A satellite named Vanguard has been launched from Vandenberg Space Force Base in California by GHGSat. This satellite is part of the efforts to use space-age technology in holding polluting industries accountable for their contributions to climate change. Vanguard joins a network of satellites that are already detecting plumes of methane, a potent greenhouse gas that is challenging to identify due to its leaks from various small sources including pipelines, drill sites, and farms.
While carbon dioxide is responsible for nearly 80% of greenhouse gas emissions in the United States from human activities, it typically enters the atmosphere from large industrial sources like power plants. However, the current satellites monitoring carbon dioxide in the atmosphere do not specifically focus on facility-level emissions, as mentioned by GHGSat.
The data collected by Vanguard will play a crucial role in substantiating conventional practices of monitoring and measuring carbon dioxide emissions. Stephane Germain, the CEO of Montreal-based GHGSat, explains that the satellite’s direct measurements of entire facilities will act as validation, complementing the existing mix of direct measurements and estimates.
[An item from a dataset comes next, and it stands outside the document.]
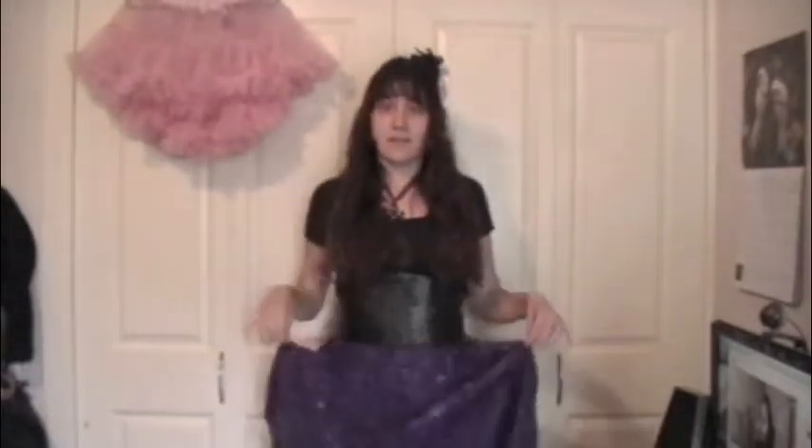So I decided to make a wardrobe video — a Lolita wardrobe video. I'm not really wearing Lolita today, just Lolita-inspired. This is a skirt that I made for Lolita but I haven't actually made a Lolita coord with it yet, so I'm just wearing it anyway because I can.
The advancements in satellite technology have already revealed that methane emissions are significantly higher than previously estimated. Germain also suspects that the same could be true for carbon dioxide emissions. The information obtained through Vanguard’s data collection will contribute to more accurate government emissions inventories, improved scientific modeling, and enhanced quality of corporate greenhouse gas reporting for investors, according to GHGSat.
With the availability of GHGSat’s data, industrial emitters who aim to reduce their emissions can purchase it, along with governments and scientists interested in studying greenhouse gas trends. Vanguard strengthens the satellite network’s capabilities in monitoring and addressing climate change by providing valuable data on greenhouse gas emissions.